Data listing:
^^^^

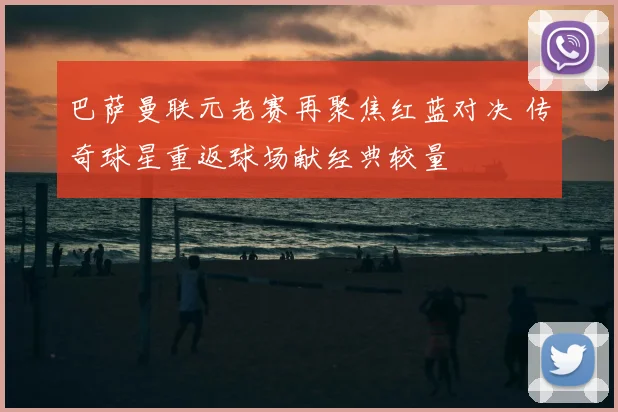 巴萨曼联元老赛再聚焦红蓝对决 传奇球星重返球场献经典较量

^^^^

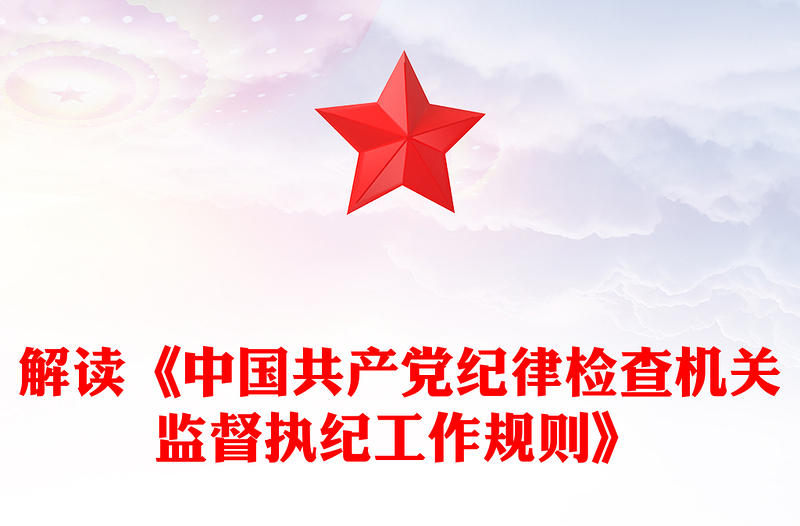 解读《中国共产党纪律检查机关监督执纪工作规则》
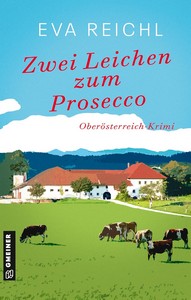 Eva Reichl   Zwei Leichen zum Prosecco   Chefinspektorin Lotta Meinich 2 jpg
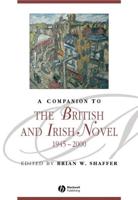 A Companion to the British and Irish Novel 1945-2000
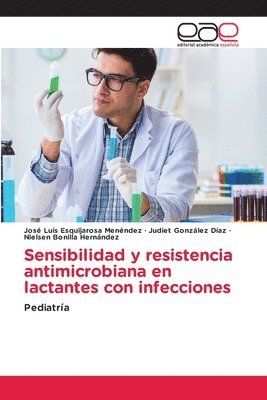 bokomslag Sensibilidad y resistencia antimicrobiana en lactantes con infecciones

^^^^

What to do: Your answer should be the lines above, word for word, from the line with "Meinich 2 jpg" through the line with "bokomslag Sensibilidad y", minus the pictures.

Answer box:
 Eva Reichl   Zwei Leichen zum Prosecco   Chefinspektorin Lotta Meinich 2 jpg
 A Companion to the British and Irish Novel 1945-2000
 bokomslag Sensibilidad y resistencia antimicrobiana en lactantes con infecciones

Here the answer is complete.